Source Capital is a closed-end investment company that has operated continuously since its founding in 1929, making it one of the longer-running funds in America. It trades on the New York Stock Exchange under the ticker SOR and competes in a peculiar corner of the fund universe: closed-end structures that issue a fixed number of shares traded on the secondary market, rather than the open-end mutual funds most retail investors know.

The fund employs a dual-class share structure, the signature feature that sets it apart. Class A shares track toward growth and capital appreciation. Class B shares are built for income, prioritizing current yields from dividends and interest. This separation lets Source Capital serve two investor temperaments with a single portfolio—a neat trick that has endured through cycles.

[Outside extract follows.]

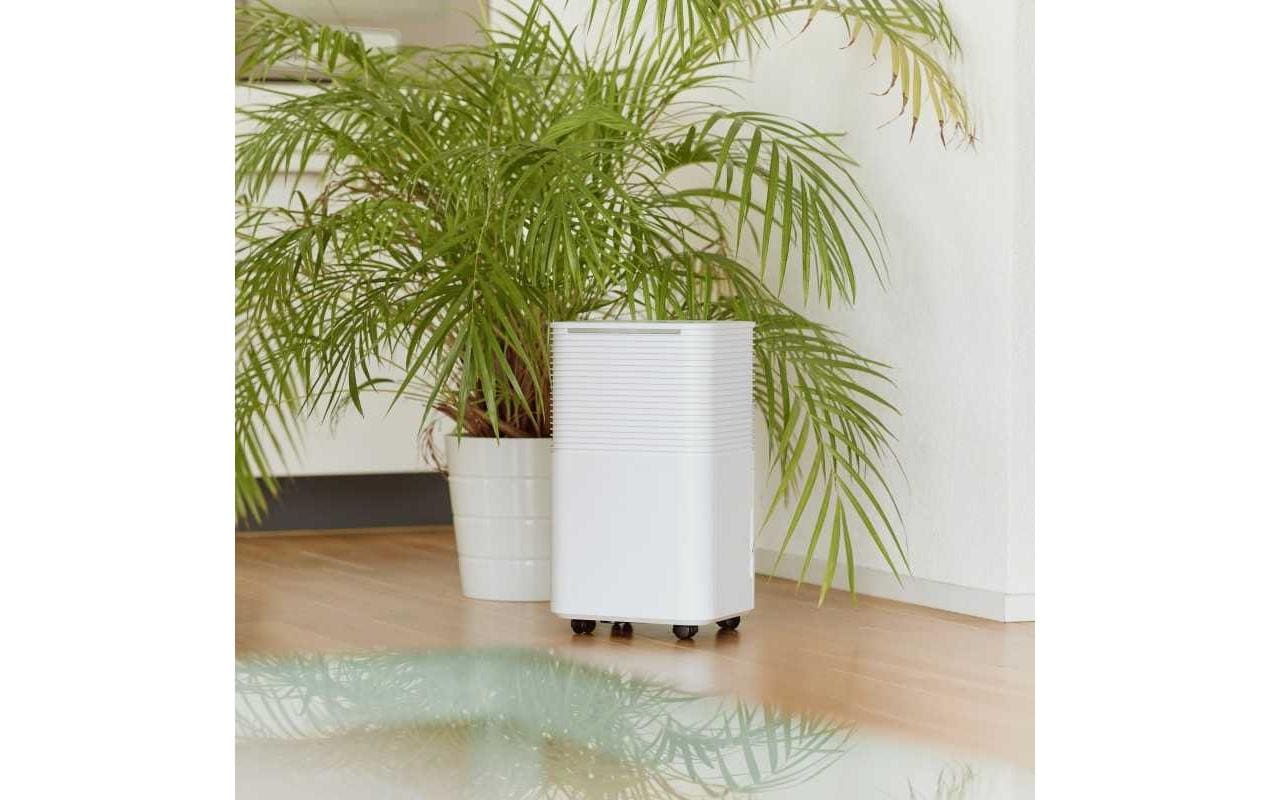 Ecofort Luftentfeuchter ecoQ DryAir 12L – 12 L/24 h, bis 30 m², Tank 2 L, Hygrostat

How a closed-end fund behaves through the cycle

Source Capital, like all closed-end funds, can trade at a premium or a discount to its underlying net asset value. In booms, when investors clamor for yield-bearing assets, the discount often narrows and premiums emerge—the fund’s shares rise faster than the portfolio itself. In downturns, fear reverses the equation. Investors sell the fund’s shares in a rush, pushing the discount wide even if the underlying holdings are sound. This dynamic—separate from the portfolio’s own mark-to-market—creates a second layer of volatility that concept investors sometimes miss.

The fund’s yield strategy works well when credit spreads are reasonable and dividend-paying stocks are neither scorned nor wildly overbought. It falters when interest rates spike sharply (bond values fall) or when growth stocks dominate and dividend-payers lag for years. Source Capital has weathered several such stretches and, by design, holds through them.

The portfolio and allocation

The fund holds a mix of dividend-paying common stocks—utilities, consumer staples, real estate investment trusts—and fixed-income securities across the credit spectrum. The exact mix shifts with market conditions and management outlook, but the core thesis remains constant: earn steady cash from the portfolio, let capital appreciation accrue to Class A, and ensure Class B receives its distributions first. During periods of market stress, when yielding assets attract capital, the fund often finds itself in demand. During periods when growth dominates or rates fall to zero, the mathematics tighten.

Performance and the closed-end discount puzzle

Source Capital has existed through the Depression, stagflation, and the 2008 crisis. It survived them not by beating the market but by staying in the game—holding income-producing assets through drawdowns and issuing two classes of shares that appeal to different needs. Yet it is neither cheap nor simple. Shareholders pay annual expenses, the discount to net asset value can widen painfully, and the dual-class structure, while novel, adds complexity that many investors now prefer to avoid.

The fund is best approached by investors who understand closed-end mechanics and actively monitor the discount—buying into widening discounts when the portfolio remains sound, avoiding premium valuations. It is not for passive holders seeking simplicity, nor for those unfamiliar with the closed-end gap between quoted price and underlying value.

How to research Source Capital

The fund files annual and semi-annual reports with the Securities and Exchange Commission. The most useful documents are the shareholder reports and the semi-annual prospectuses, which detail holdings, dividend history by class, the net asset value, the trading discount or premium, and management commentary on positioning. The SEC EDGAR system (CIK 0000091847) holds all filings. Pay attention to the trend in the Class A and Class B net asset values over multiple years, the size of the current discount, and the yield on each class relative to comparable investments.